Special tools from sklearn library can help us perform the tuning faster and more effective. One of such tools is GridSearchCV method which will obtain the best parameters for the algorithm.

In [None]:
# Tuning the parameters
# Import GridSearchCV
from sklearn.model_selection import GridSearchCV

# Find the best parameters for the model
parameters = {
    'max_depth': [70, 80, 90, 100],
    'n_estimators': [900, 1000, 1100]
}
gridforest = GridSearchCV(regr, parameters, cv = 3, n_jobs = -1, verbose = 1)
gridforest.fit(X_train, y_train)
gridforest.best_params_

Change paramaters and erors decreased and R-squared scores increased which means that the algorithm with the tuned hyperparameters has higher prediction accuracy.

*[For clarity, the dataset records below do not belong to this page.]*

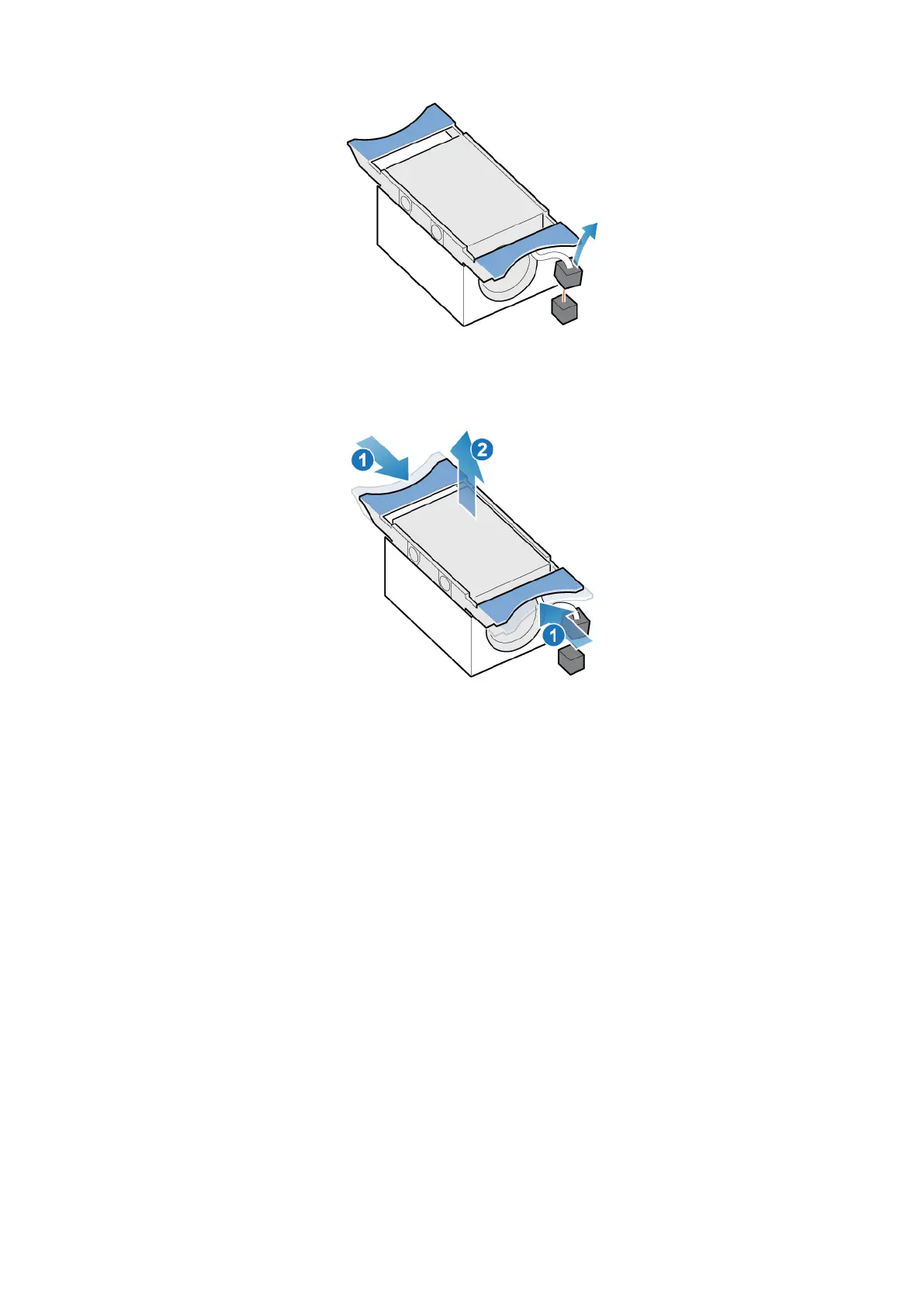 Page #53 background image
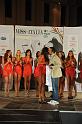 Miss Sicilia Premiazione  21.8.2011 (90)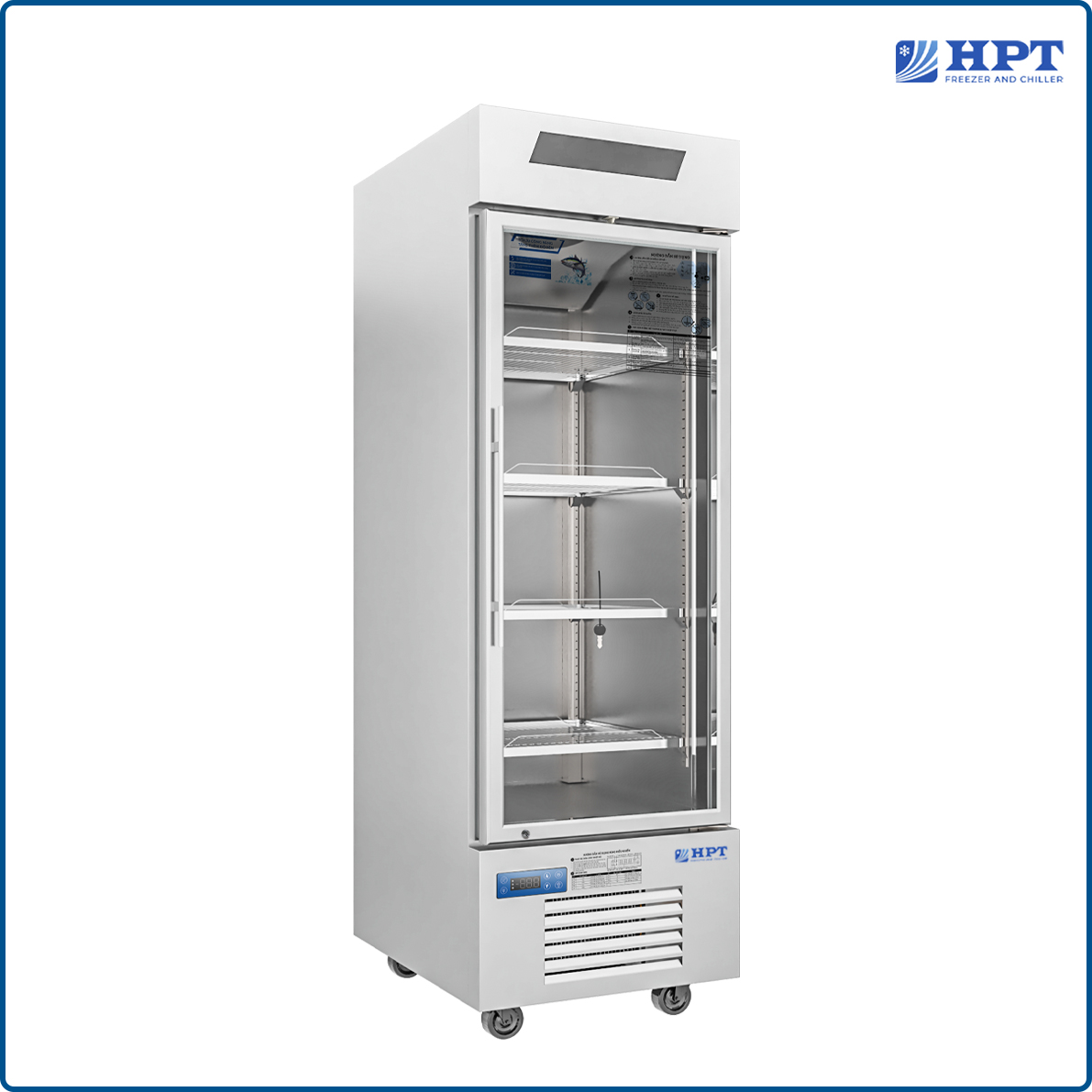 tu-mat-dung-quat-gio-1-canh-kinh-500l-02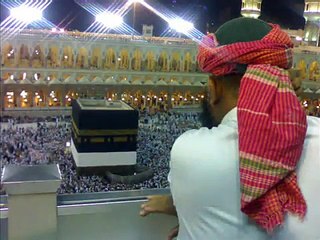 HAZRAT MOLANA SALAH GULL SAHIB MOHAY APNAY HI RANG MAIN RANG DE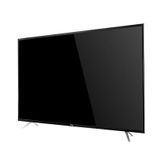 L65P1US 65 inch LED 4K TV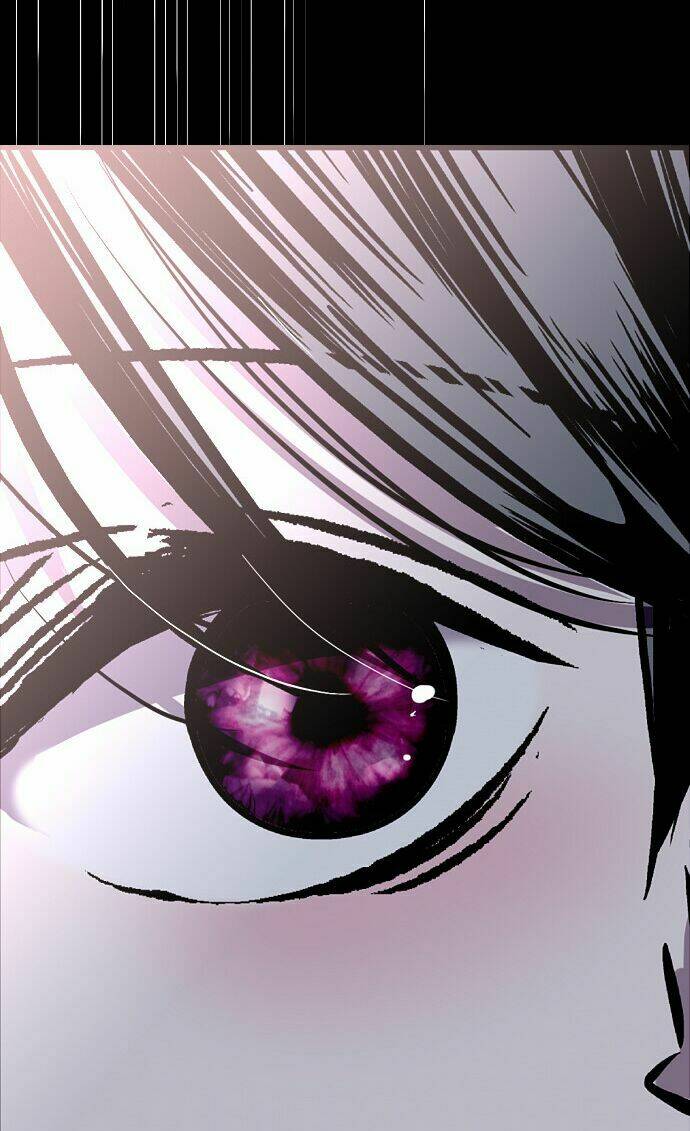 người máy hủy diệt chapter 28 52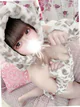 みずき プロフィール画像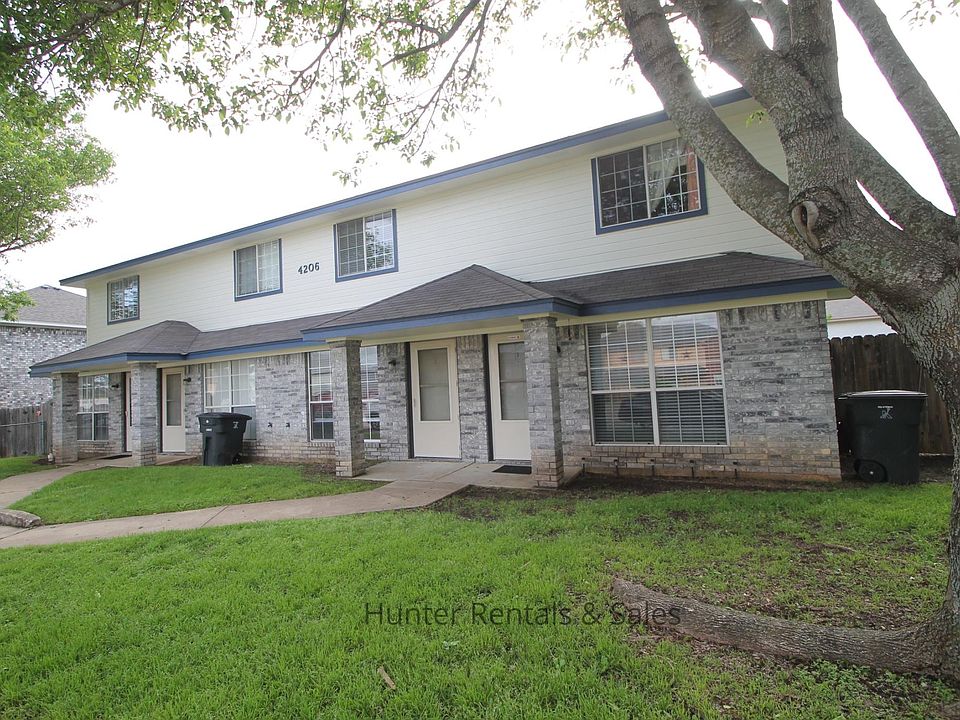1st image of 4206 Deek Dr APT C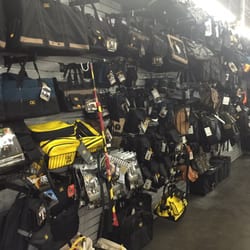Studio Depot - Camera bags, backpacks, tool bags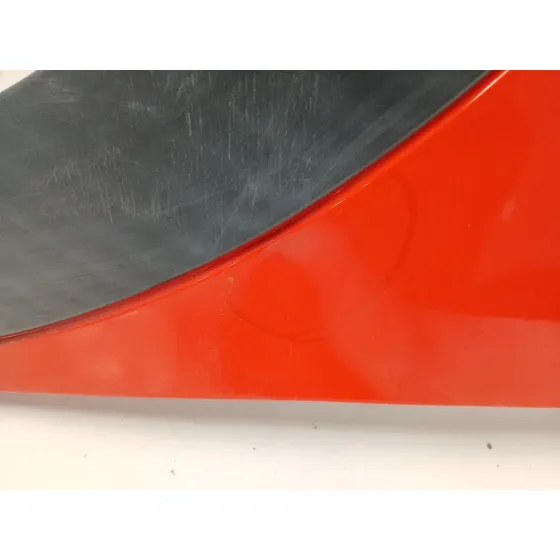 Aleta Delantera Izquierda para Mini Mini Countryman (R60)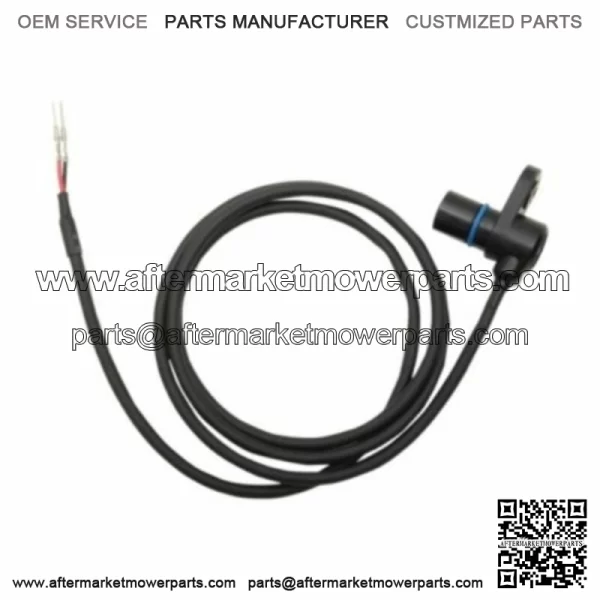 Drag Crank Crankshaft Position Sensor Harley Touring Dyna 00-03 OE 32798-00A /B (For: Harley-Davidson)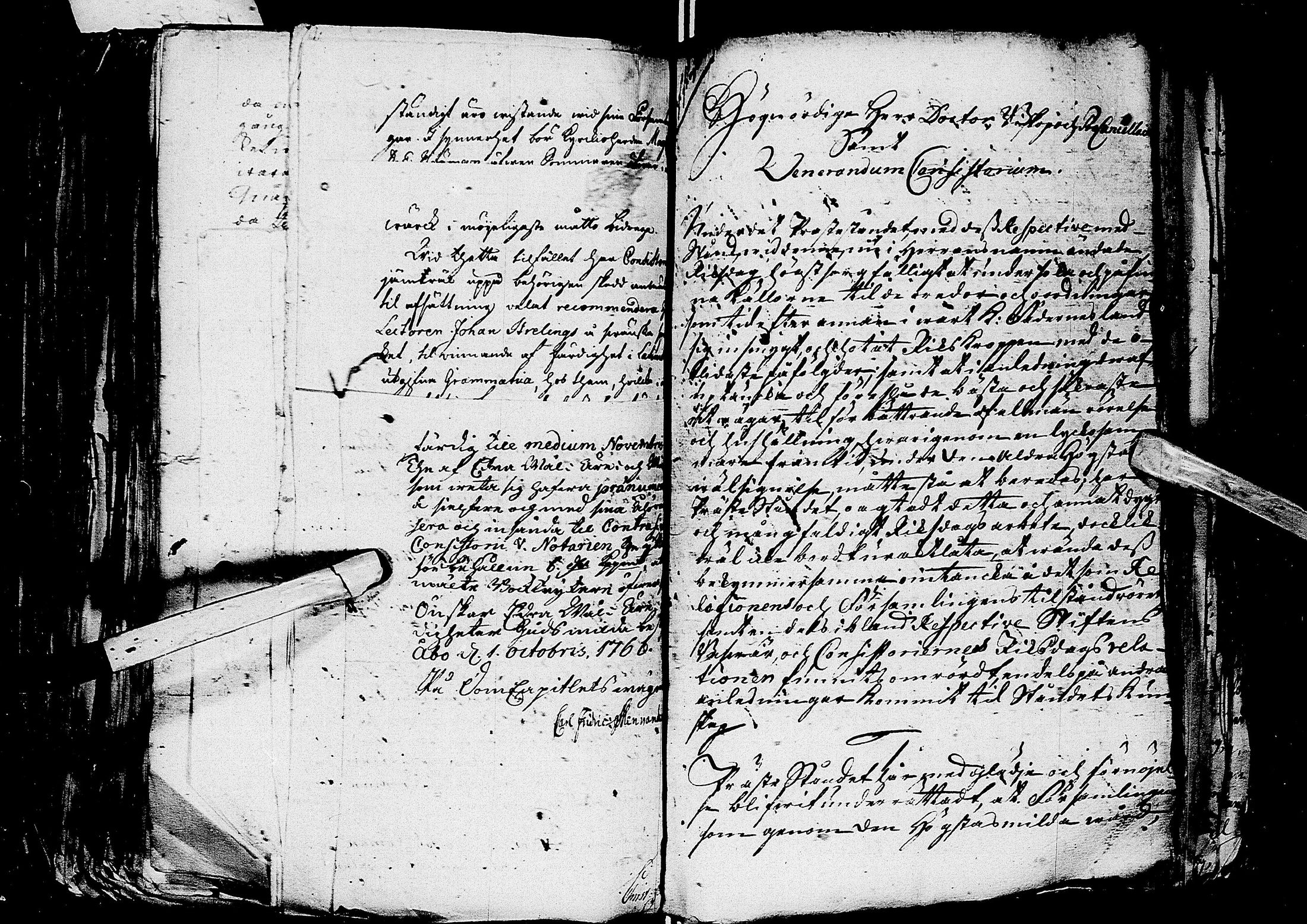 [ ../kirjat/Kirkonkirjat/kemi/asiakirjoja_1751-1780_msrk_ik286-287/kuvat/380.jpg ]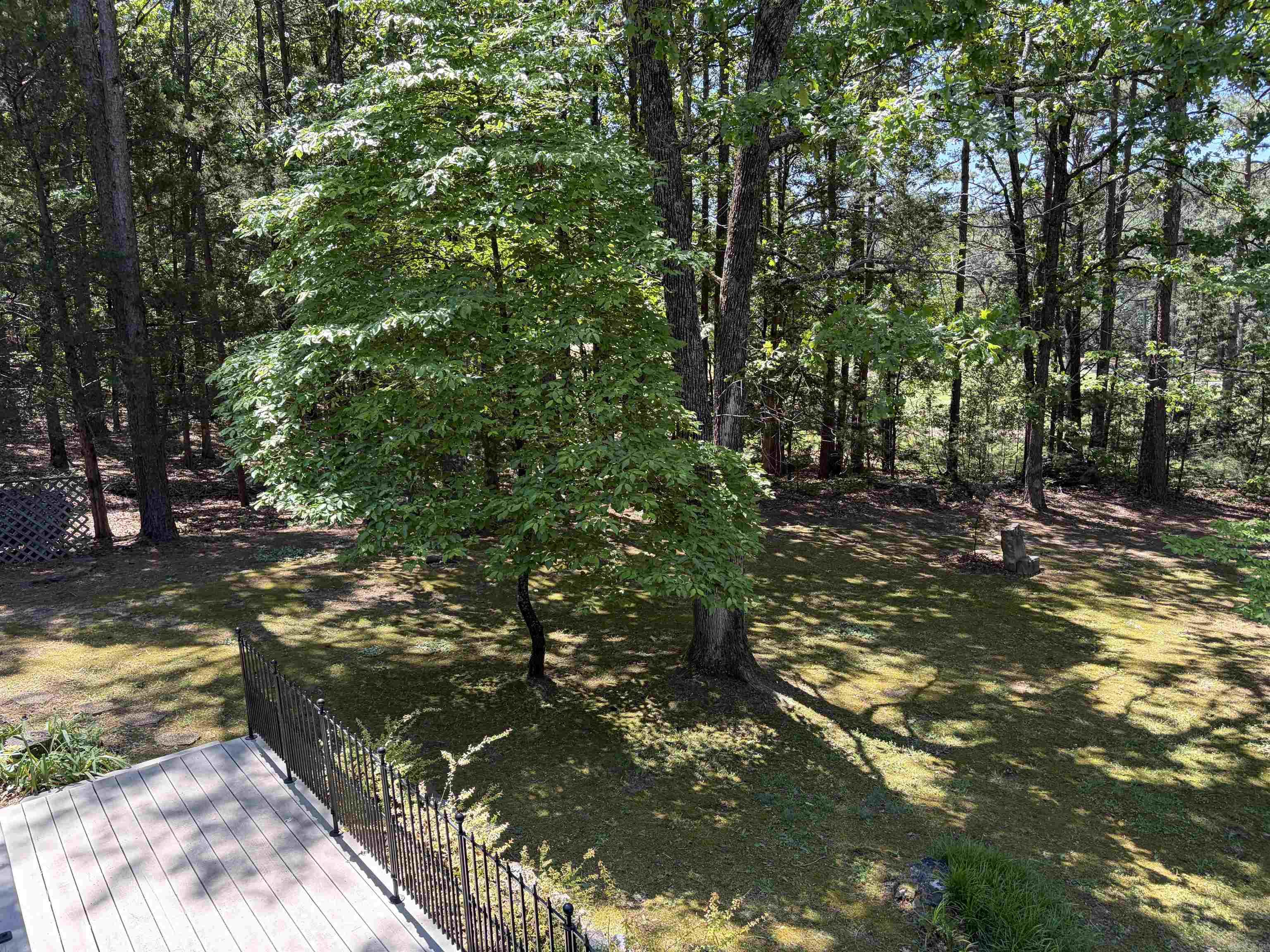 106 Stafford Court Property Photo 47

Defining and visualizing variables importance
Some of features influence the price greater than the others. If we define the most important features, we will be able to use only those in calculations and in such way improve the performance of the algorithm.

In [None]:
# Get features list
characteristics = X.columns

# Get the variables importances, sort them, and print the result
importances = list(regr.feature_importances_)
characteristics_importances = [(characteristic, round(importance, 2)) for characteristic, importance in zip(characteristics, importances)]
characteristics_importances = sorted(characteristics_importances, key = lambda x: x[1], reverse = True)
[print('Variable: {:20} Importance: {}'.format(*pair)) for pair in characteristics_importances];

In [None]:
# Visualize the variables importances
plt.bar(characteristics, importances, orientation = 'vertical')
plt.xticks(rotation = 'vertical')
plt.ylabel('Importance')
plt.xlabel('Variable')
plt.grid(axis = 'y', color = '#D3D3D3', linestyle = 'solid')
plt.show()

Only four features have a great influence on the prediction results.